[What the exercise asks] Would you copy the listing below exactly, keeping the pictures out?

[Collected data]
*** Begin section ***
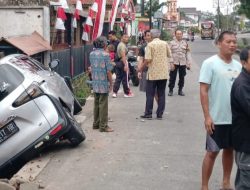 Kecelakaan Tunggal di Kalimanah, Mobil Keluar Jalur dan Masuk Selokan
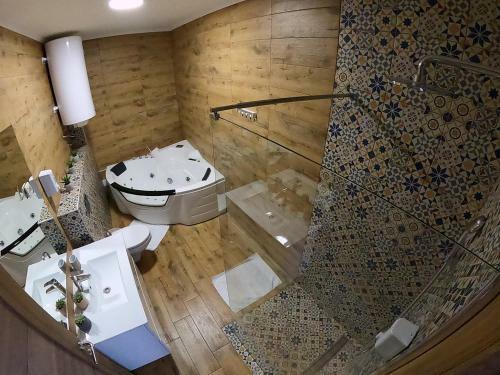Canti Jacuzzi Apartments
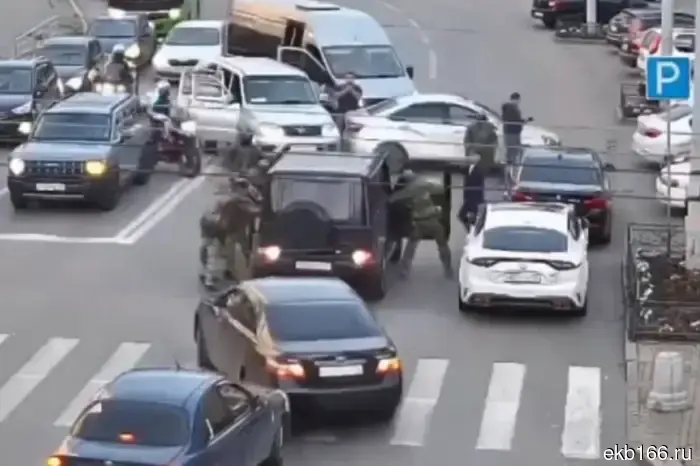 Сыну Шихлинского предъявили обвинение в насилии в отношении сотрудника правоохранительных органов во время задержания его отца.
*** End section ***
[Exercise solution]
 Kecelakaan Tunggal di Kalimanah, Mobil Keluar Jalur dan Masuk Selokan
Canti Jacuzzi Apartments
 Сыну Шихлинского предъявили обвинение в насилии в отношении сотрудника правоохранительных органов во время задержания его отца.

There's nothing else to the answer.